During this judging event the first place winners of all the categories were put together. We were then asked to vote for our favorite piece . The winner would be the Best of Show. We saw water color, mixed media, sculpture, oil paintings and digital. I was torn. I love my medium, I appreciate what one can do with watercolor and pen and pencil. But the most stunning piece of fantasy art done digitally captured my heart. It was beautiful. The design, the composition, the colors, the heart of the piece took my breath away. It didn’t win Best of Show. There’s still a stigma that needs to be wrestled with among traditional artists, but I think all of us developed a new appreciation for the technique in those few moments of studying that piece.
Not all good fantasy art has to be digital either. A few years ago, Art Renewal opened up its highly prestigious art competition to the world of fantasy. If you need further proof of the validity of SF art, check out Art Renewal’s Imaginative Realism competition where the purchase award is $18,000. I would love to post the images here of some of these art pieces, but I cannot due to copyright. But for me, as an artist and an oil painter, this work is highly inspiring for the creative mind.

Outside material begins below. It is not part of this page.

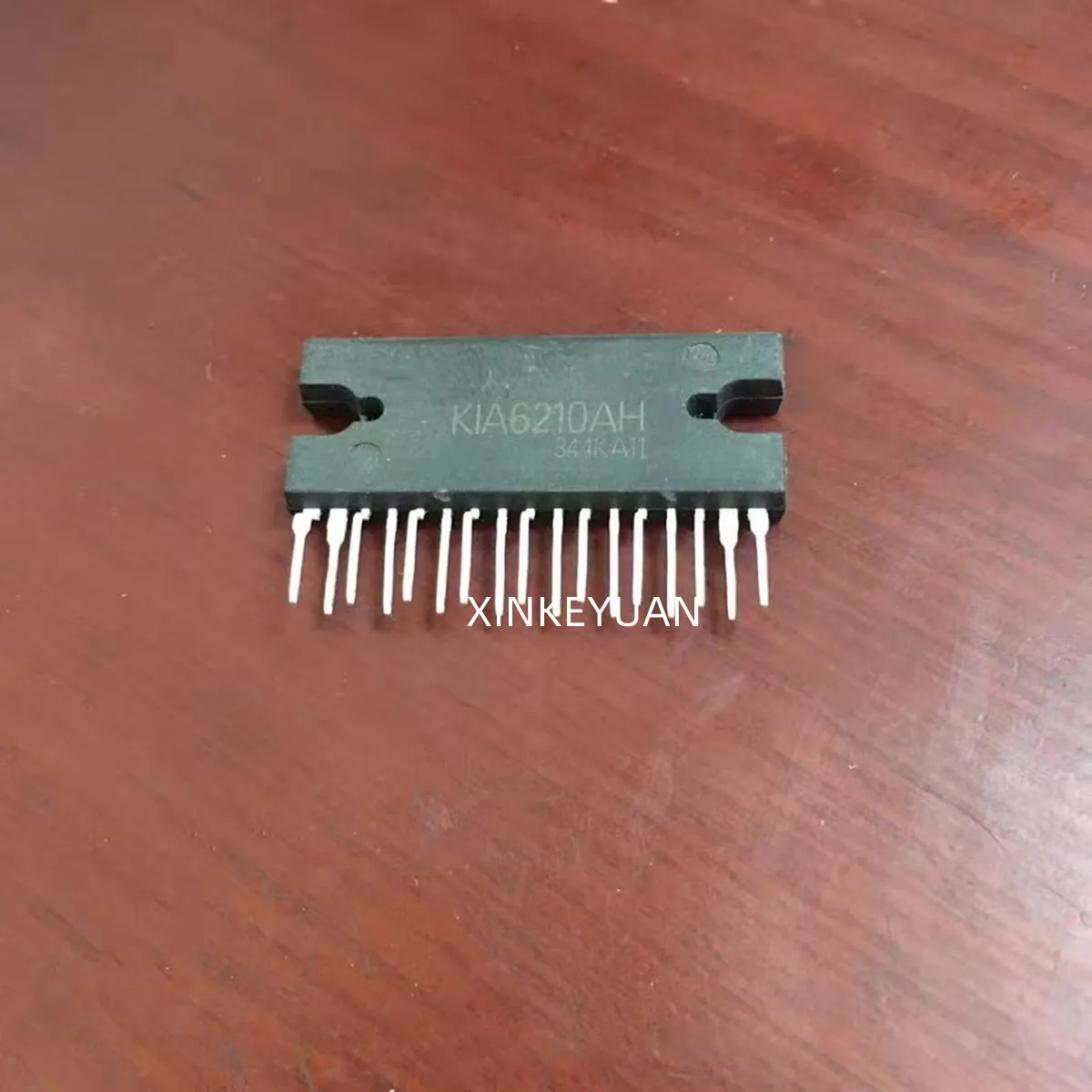 KIA6210AH original and brand-new integrated circuit chip
KIA6210AH original and brand-new integrated circuit chip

I’ve never been shy about putting my fantasy art in more conservative venues. Waiting for the Kiss, for instance, won First Place a few years ago in a local gallery competition. And my nine foot dragon goes everywhere, especially to book signings.
For all of you artists who do fantasy work, let this be an inspiration to you. You don’t need to stay within the bubble of Fantasy Cons to show off your work. Once you know your craft and can do it well, learn how to finish it with a mat, glass and frame and hit some mainstream venues.
Don’t get discouraged. Rome wasn’t built in a day! Some old school art societies might be hesitant to accept digital art. I personally prefer the kind that doesn’t try to look like an oil painting, or a water color painting because those two mediums take skill and time and patience to learn. You don’t need to copy them. Develop your own style and polish it, Then get your work in some galleries, state fairs, and art shows. Join some art leagues. You are the next generation!